Let the world read your mug
How to deal with microaggression at the workplace? With arty mugs dripping with sarcasm and which gets the message loud and clear without you having to say a word. Here’s a peek at Microaggression in BNW, the 2nd collection of Conversation Starters from Lines by Su.
I have a reputation of being a no-nonsense woman at the workplace. The polite ones call me “intimidating”. Others prefer “bitch”. In spite of the notoriety, throughout my career, like all women, I had faced microaggression at the workplace. Indirect, subtle and sometimes even unintentional discrimination or behaviour directed at me.

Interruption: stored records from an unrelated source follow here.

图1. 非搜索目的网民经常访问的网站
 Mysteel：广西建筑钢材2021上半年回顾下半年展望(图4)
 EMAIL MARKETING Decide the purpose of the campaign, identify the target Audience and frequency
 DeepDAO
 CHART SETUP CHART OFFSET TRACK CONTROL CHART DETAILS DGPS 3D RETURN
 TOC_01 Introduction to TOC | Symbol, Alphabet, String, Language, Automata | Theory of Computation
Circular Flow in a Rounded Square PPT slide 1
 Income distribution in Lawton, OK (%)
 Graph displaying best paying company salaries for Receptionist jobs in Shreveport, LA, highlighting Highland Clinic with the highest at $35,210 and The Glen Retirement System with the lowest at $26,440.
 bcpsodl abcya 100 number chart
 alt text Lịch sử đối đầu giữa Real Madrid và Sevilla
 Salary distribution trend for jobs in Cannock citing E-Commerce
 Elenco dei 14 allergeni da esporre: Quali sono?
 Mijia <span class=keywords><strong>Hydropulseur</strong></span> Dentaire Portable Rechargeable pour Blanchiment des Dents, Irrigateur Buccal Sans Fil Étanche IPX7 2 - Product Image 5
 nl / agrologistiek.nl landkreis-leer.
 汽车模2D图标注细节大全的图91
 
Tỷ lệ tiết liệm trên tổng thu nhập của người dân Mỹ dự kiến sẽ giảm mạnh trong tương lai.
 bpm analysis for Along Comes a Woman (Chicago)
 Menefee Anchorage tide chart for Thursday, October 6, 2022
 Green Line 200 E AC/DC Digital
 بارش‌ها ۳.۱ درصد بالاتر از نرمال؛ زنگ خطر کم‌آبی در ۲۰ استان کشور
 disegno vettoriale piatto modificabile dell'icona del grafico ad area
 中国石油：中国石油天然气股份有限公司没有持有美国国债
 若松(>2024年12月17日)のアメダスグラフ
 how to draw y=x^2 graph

Early in my career, I was shy and timid, angry and confused in the face of microaggression. I didn’t know how to deal with the unwanted hand on the shoulder. The unwanted hand that appeared a bit too often on the shoulder. A hand around the waist is crossing the line, but isn’t the hand around the shoulder leaning towards friendship? Especially when the man attached to the hand happened to be the man everybody in the office saw as the “friendly and helpful sort”? Or am I reading too much into it? Should I tell the superior that he’s standing too close to me and that there’s no need for me to feel his breath on my face while discussing an idea? Or am I being paranoid? Ok, let me move a step backwards then he wouldn’t be too close. Right? Why is my colleague looking at my chest instead of my face while answering my question? Did I imagine that or did it happen? Yes, it did. But how am I to tell him not to ‘stare’ because it is rude AND it is making me uncomfortable? What if he denies doing it? Worse still, how will I work with him again after the confrontation? Will it affect my prospects in the company? After all the colleague has the boss’s ear. So, let me wear the turtle neck and stew quietly in the summer heat.
It’s not PMS; it’s you
It took me years and reaching a certain level of authority in my career before I could grab the bull by its horns. That doesn’t mean that microaggression stopped. It only means that I learned to tackle it. I learned to deal with men invading my physical space or staring down my blouse. I learned to tell “please let me finish” every time I was interrupted during a meeting. I used humour, subtle sarcasm, glares that would burn somebody’s pants off and all the other arsenal in my kitty to deal with microaggression. Tackling microaggression is tricky. It is not so in-your-face that you can haul the perpetrator to HR or seek recourse in law. It is like having a broken nail and not having access to a nail cutter or a nail file. The broken nail will not kill you, but it will irritate the hell out of you and begin to affect the rest of your day.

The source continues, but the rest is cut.